Mr Sarpong made the remarks at the opening of the 12th National Executive Council Meeting of the Ghana Revenue Authority Workers Union (GRAWU) in Accra, held on the theme: “Transforming for Impact and Growth – The Role of Labour in Strengthening Work Ethics of GRA.”
The meeting also witnessed the launch of the Union’s four-year strategic plan for 2026–2029, which seeks to strengthen the Union’s institutional capacity, improve operational efficiency and expand its financial resource base.
Mr Sarpong said the transformation of the Authority must focus on improving staff productivity, efficiency and accountability, noting that stronger human capital would translate directly into higher revenue generation for national development.
He explained that the country’s ability to finance major economic programmes, reduce borrowing and support businesses depended largely on how effectively the Authority mobilised domestic revenue.
“Human capital remains the most important asset of the Authority. A motivated and well-trained workforce will not only improve operational efficiency but also increase compliance and boost revenue inflows,” he said.

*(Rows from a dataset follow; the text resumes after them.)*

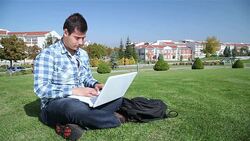 Student Using Laptop On Grass Stock Footage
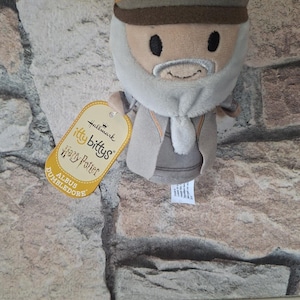 Könnte beinhalten: Ein Plüschtier der Figur Albus Dumbledore aus der Hallmark Itty Bittys Harry Potter Kollektion. Die Figur trägt einen beigen Hut mit goldener Verzierung, einen grauen Bart und ein beiges Gewand. Ein gelbes Etikett zeigt die Aufschrift Hallmark Itty Bittys.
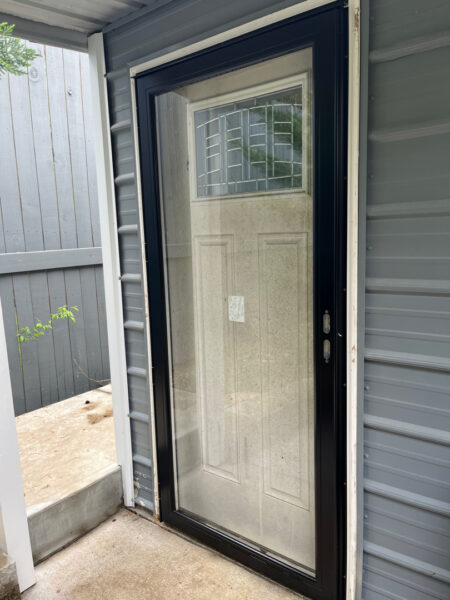 Professional soft wash exterior cleaning will be performed on the main house, porches, and three garage buildings, targeting all vertical surfaces and roofline components to remove organic growth and debris with a one-year warranty.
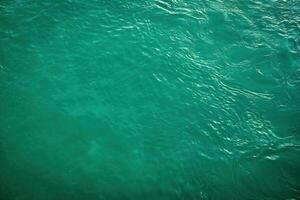 The texture of the waves of turquoise color of fast-flowing water in the river. photo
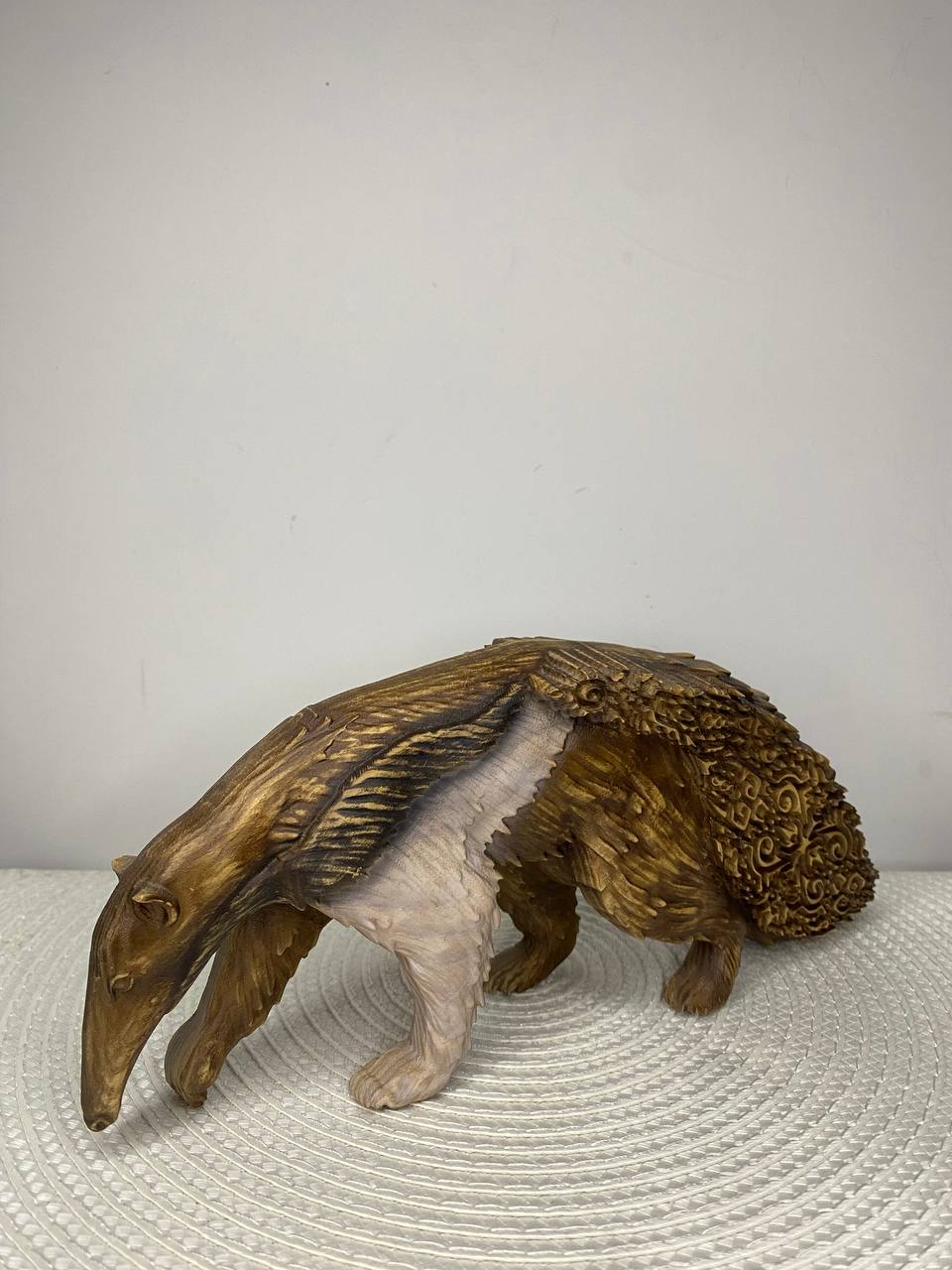 A handcrafted wooden anteater figurine shown in side profile with its head lowered as if searching the ground. The sculpture features a realistic elongated snout, carved fur texture, and a large bushy tail decorated with intricate Celtic knotwork patterns. The body has a warm brown wood finish with lighter natural wood tones on the shoulder and front leg. The figurine stands on a round woven white placemat against a plain light-colored wall.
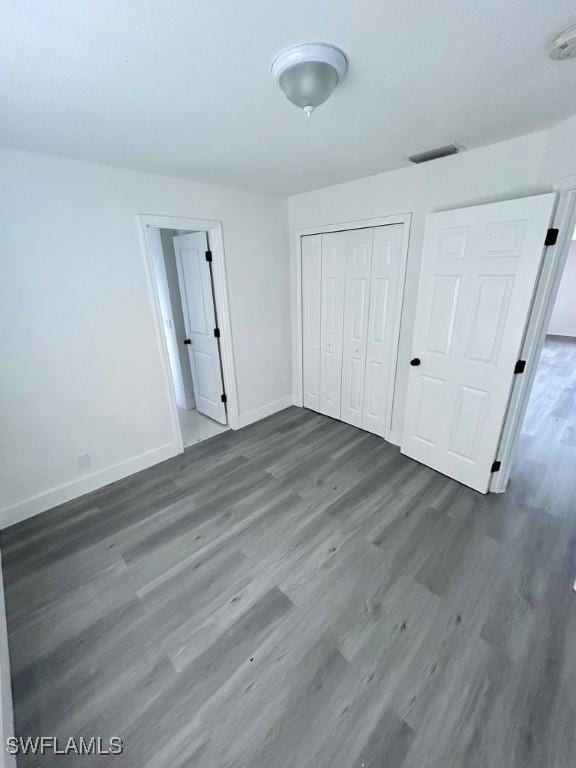 unfurnished bedroom featuring dark hardwood / wood-style floors and a closet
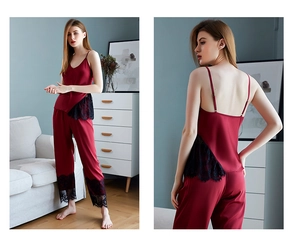 Close-up of burgundy satin camisole set with black lace trim and matching trousers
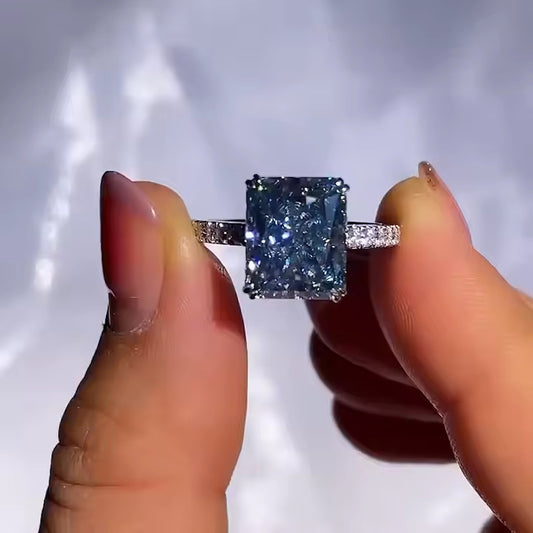 Luxury Radiant Cut London Blue Topaz Wedding Band β A Unique Statement Piece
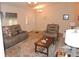 Inviting living room with hardwood floors, neutral decor, and comfortable seating arrangements at 9365 Lemon Dr, Lake Wales, FL 33898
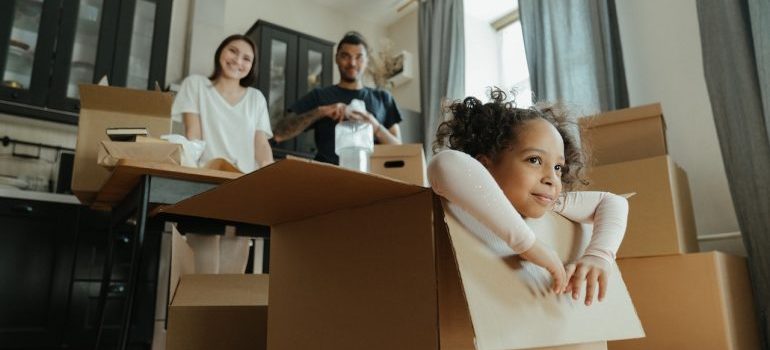 family packing using portable storage when moving with kids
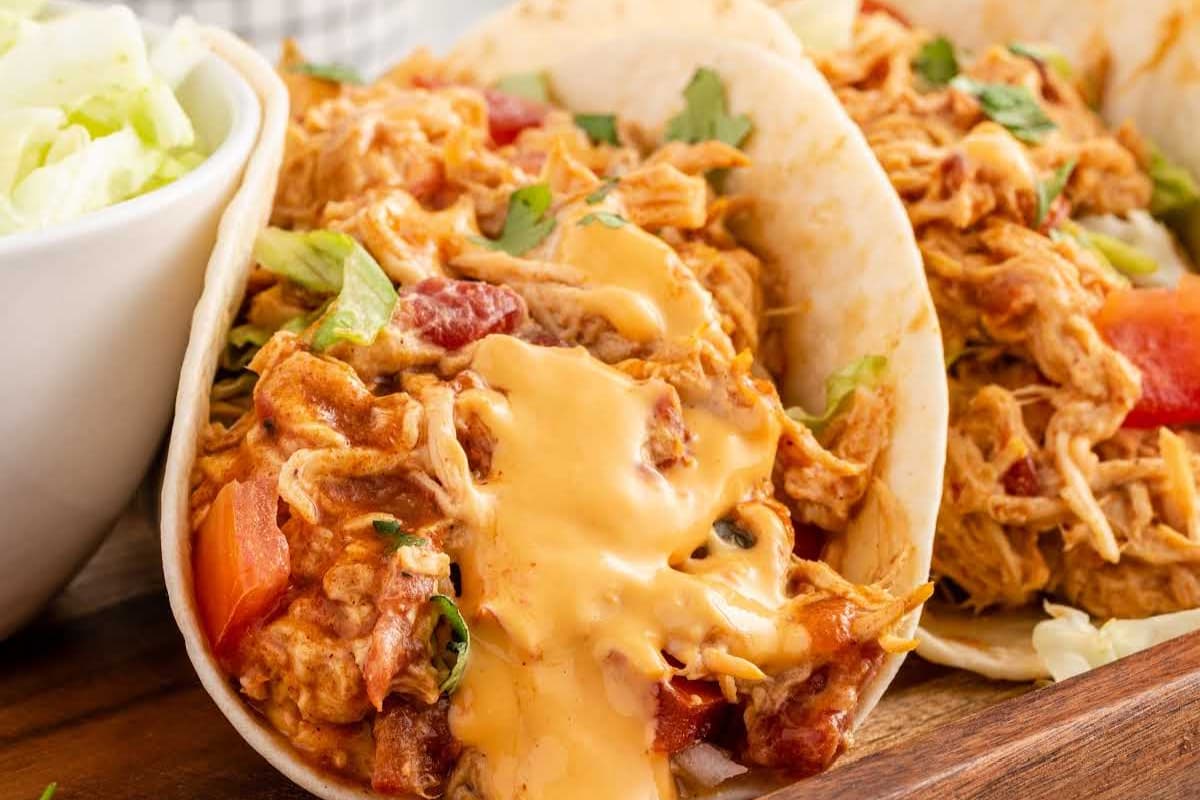 A plate of Slow Cooker Queso Chicken Tacos.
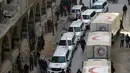 Warga sipil berkumpul di dekat konvoi truk bantuan Bulan Sabit Merah Suriah di Douma, Ghouta Timur, Damaskus, Suriah, Senin (5/3). Konvoi ini merupakan yang pertama sejak resolusi gencatan senjata pertengahan Februari lalu. (Syrian Red Crescent via AP)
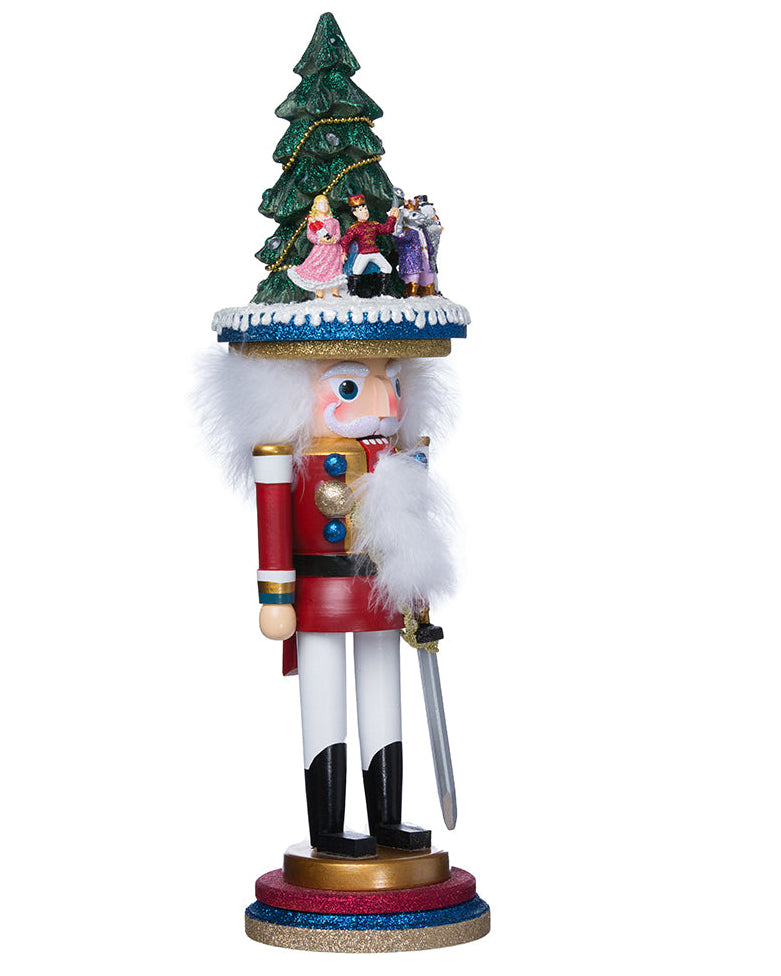 Decorative nutcracker figure with a Christmas tree and nutcracker ballet figures on a white background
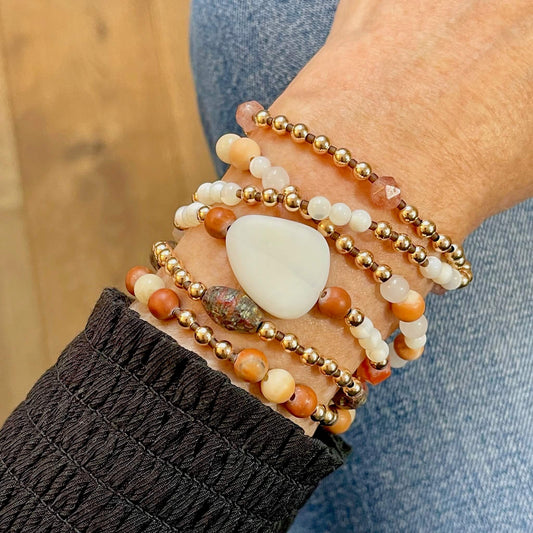 Multi strand wrap bracelet with rose gold filled and white mother of pearl beads, and rust gemstones and crystals on a stretch cord.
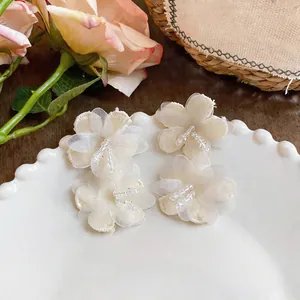 Detailed macro shot of elegant white chiffon flower earrings with delicate glass beads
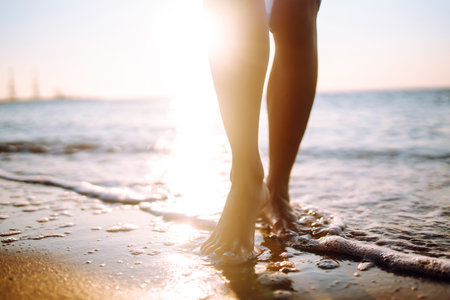 Close- up leg of young woman walking along wave of sea water and sand on the summer beach.の写真素材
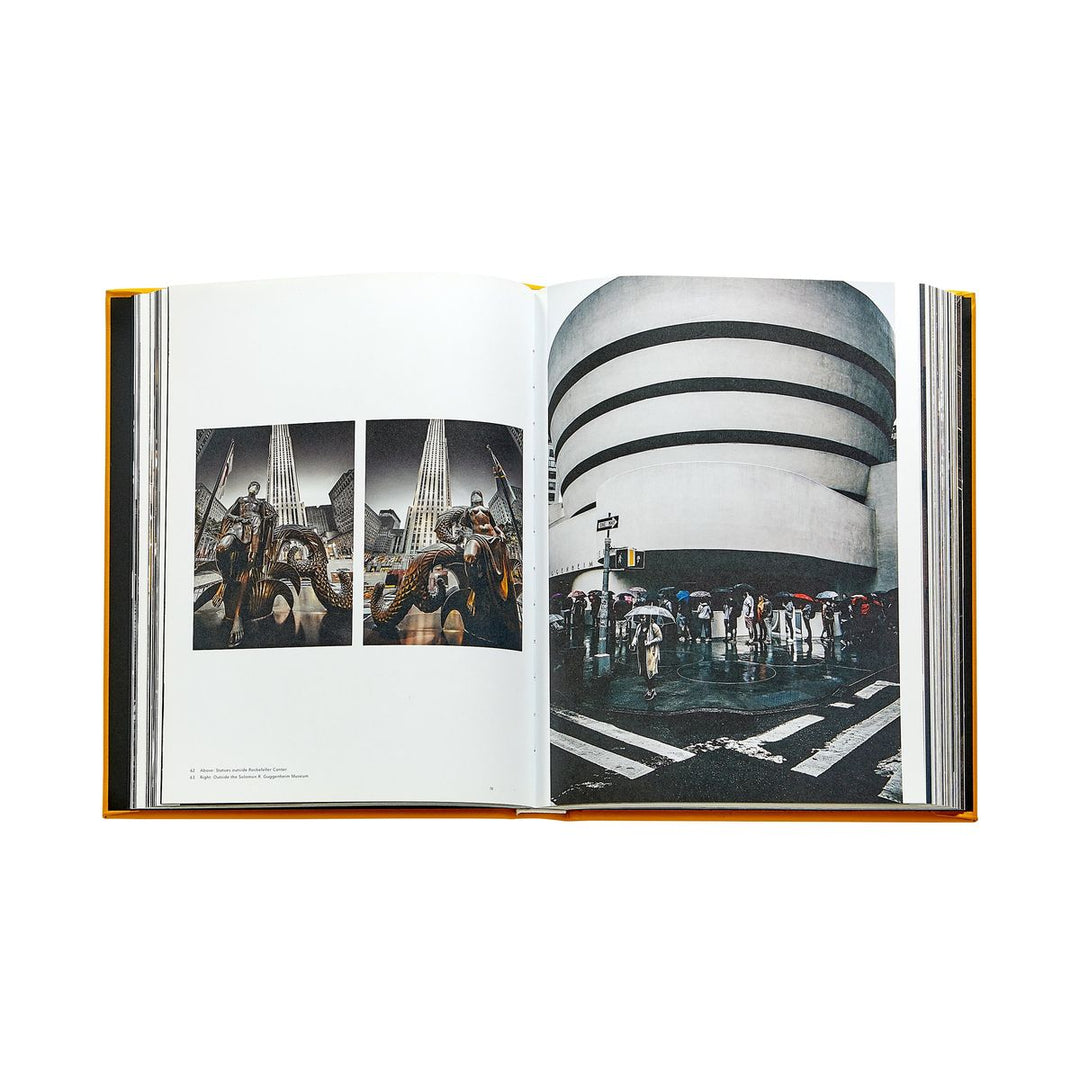 Open book showing a photograph of a building with people holding umbrellas on a rainy day.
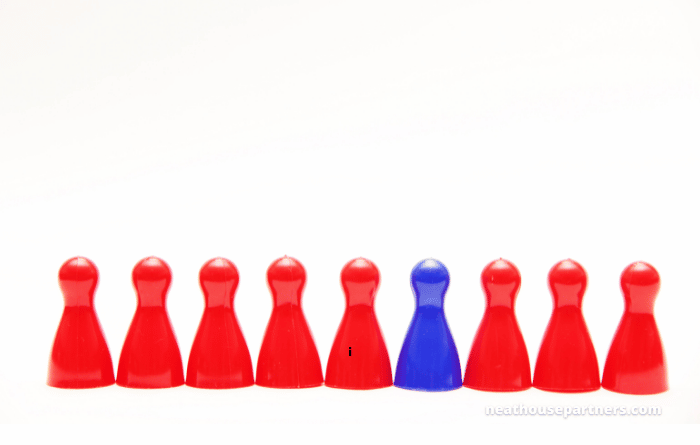 Red coloured counters lined up with one blue counter 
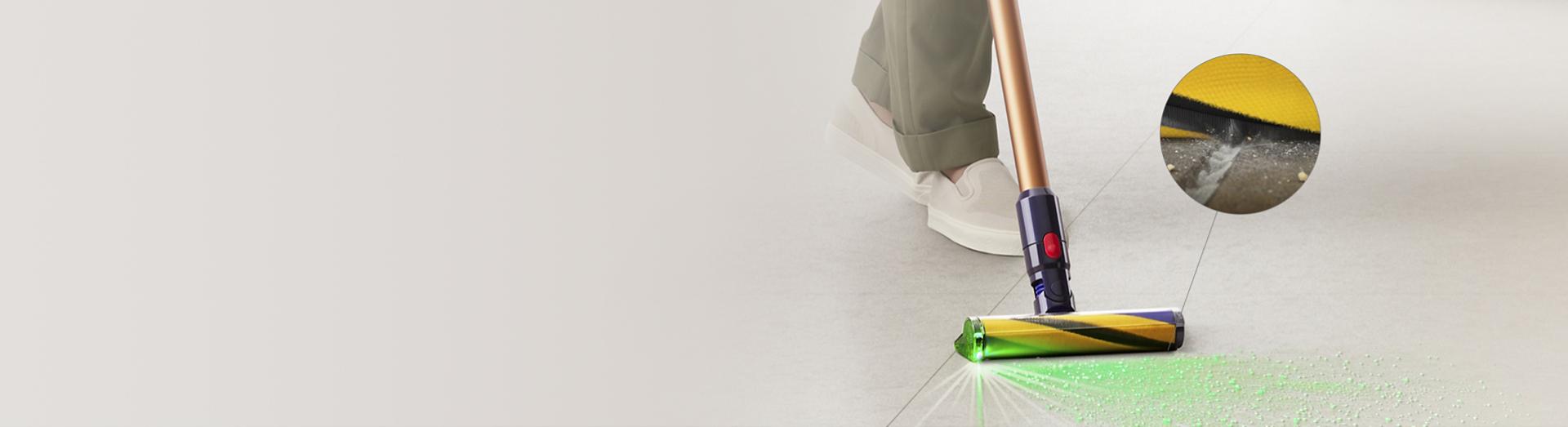 Dyson Fluffy Optic cleaner head illuminating dirt and picking up debris from the floor, with a close-up of the filaments removing dust.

The Commissioner-General noted that improved collaboration between management and the Workers Union had helped create a stable working environment, which was necessary to enhance productivity and sustain revenue growth.
He said the Authority’s transformation agenda placed people and institutional culture at the centre of its strategy, adding that discipline, professionalism and adherence to the code of conduct were critical to improving operational performance.
Mr Sarpong said the GRA had already begun investing significantly in staff development, including structured training programmes and leadership development initiatives aimed at improving technical capacity across the institution.
He added that improving the skills of revenue officers would not only strengthen tax compliance but also enhance service delivery to businesses, particularly small and medium enterprises that depend on efficient tax administration to operate and grow.
Mr Sarpong also disclosed that part of the Authority’s budget would be dedicated to improving office accommodation, logistics and modern working tools to reduce operational inefficiencies and enhance service delivery.
He said the Authority was prioritising investments in digital tools and modern infrastructure to ensure faster tax processing, improved monitoring and stronger enforcement, which would ultimately support the country’s economic transformation agenda.
On staff welfare, Mr Sarpong said management was working to strengthen health support systems, improve working conditions and introduce additional welfare programmes, including plans for a health support scheme for retired staff.
He explained that improved welfare would help retain skilled personnel and reduce staff turnover, which often affected productivity and institutional performance.
Mr Sarpong urged staff of the Authority to remain committed to their mandate, noting that the GRA had set an ambitious revenue target of more than GH¢230 billion.
He said achieving the target would require improved efficiency, stronger collaboration and a renewed focus on productivity, adding that effective revenue mobilisation was essential to supporting economic growth, stabilising public finances and strengthening the private sector.
Mr Sarpong said the responsibility of mobilising revenue for national development remained critical, and called on staff to build on the legacy of previous generations and contribute meaningfully to Ghana’s long-term economic transformation.